Plumb singles chronology
| "Drifting" (2011) | "Need You Now (How Many Times)" (2012) |  |

Music video
- "Need You Now" on YouTube

= Need You Now (How Many Times) =

"Need You Now (How Many Times)" is a song by Christian contemporary Christian musician Plumb from her sixth studio album, Need You Now.
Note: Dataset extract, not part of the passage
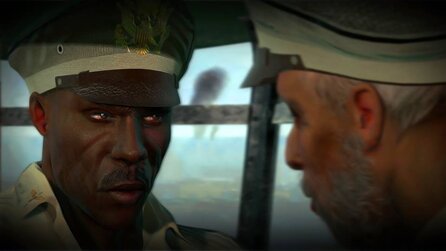 Iron Wings - Screenshots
It was released on July 17, 2012, as the second single from the album.

==Composition==
"Need You Now (How Many Times)" was written by Tiffany Arbuckle Lee, Luke Harry Walker Sheets and Christa Nichole Wells.

==Release==
The song "Need You Now (How Many Times)" was digitally released as the second single from Need You Now on July 17, 2012.

==Track listing==
- Remix EP
1. Need You Now (How Many Times) (Swedish Xian Revolution Dubstep Mix) 3:54
2. Cut (Slovak Dubstep Mix) 4:42
3. Need You Now (How Many Times) (Swedish Xian Revolution Electro Mix) 4:49
4. Beautiful History (Dave Aude Radio Edit) 4:17
5. Beautiful History (Almighty Radio Edit) 3:47
6. Beautiful History (Scotty K Radio Edit) 4:35
7. Beautiful History (Ian Neiman Club Mix) 7:41
8. Beautiful History (Dave Aude Club Mix) 8:06
9. Beautiful History (Almighty Club Mix) 6:37
10. Beautiful History (Scotty K Club Mix) 8:03

- The Remixes
11. Need You Now (How Many Times) (Dave Aude Radio Edit) 3:43
12. Need You Now (How Many Times) (Dohr & Mongold vs Stefan Dabuck Radio Edit) 3:12
13. Need You Now (How Many Times) (Redtop Radio Edit) 3:29
14. Need You Now (How Many Times) (Wawa Radio Edit) 3:46
15. Need You Now (How Many Times) (J-C Radio Edit) 3:34
16. Need You Now (How Many Times) (Dave Aude Club Mix) 7:09
17. Need You Now (How Many Times) (Dohr & Mongold vs Stefan Dabuck Remix) 5:40
18. Need You Now (How Many Times) (Redtop Club Mix) 6:50
19. Need You Now (How Many Times) (Wawa Club Mix) 7:13
20. Need You Now (How Many Times) (J-C Club Mix) 6:58
21. Need You Now (How Many Times) (Acoustic Live Version) 4:12

- Bryan Kearney Remix
22. Need You Now (How Many Times) (Bryan Kearney Radio Edit) 4:19
23. Need You Now (How Many Times) (Bryan Kearney Remix) 7:25

==Uses==
The song appeared on the compilation album WOW Hits 2014.

It also appeared in the 2016 biographical drama film I'm Not Ashamed.

==Charts==

===Weekly charts===

| Charts (2012) | Peak position |
|---|---|
| US Bubbling Under Hot 100 (Billboard) | 21 |
| US Hot Christian Songs (Billboard) | 3 |
| US Christian Airplay (Billboard) | 3 |
| US Christian AC (Billboard) | 4 |
| US Christian AC Indicator (Billboard) | 7 |
| US Christian Soft AC (Billboard) | 13 |
| US Christian CHR (Billboard) | 1 |
| US Dance Club Songs (Billboard) | 4 |
| US Heatseeker Songs (Billboard) | 21 |

===Year-end charts===

| Chart (2012) | Peak position |
|---|---|
| US Christian Songs (Billboard) | 46 |

| Chart (2013) | Peak position |
|---|---|
| UK Cross Rhythms Annual Chart | 2 |
| US Christian Songs (Billboard) | 11 |

==Certifications==

| Region | Certification | Certified units/sales |
| United States (RIAA) | Gold | 500,000^{‡} |
^{‡} Sales+streaming figures based on certification alone.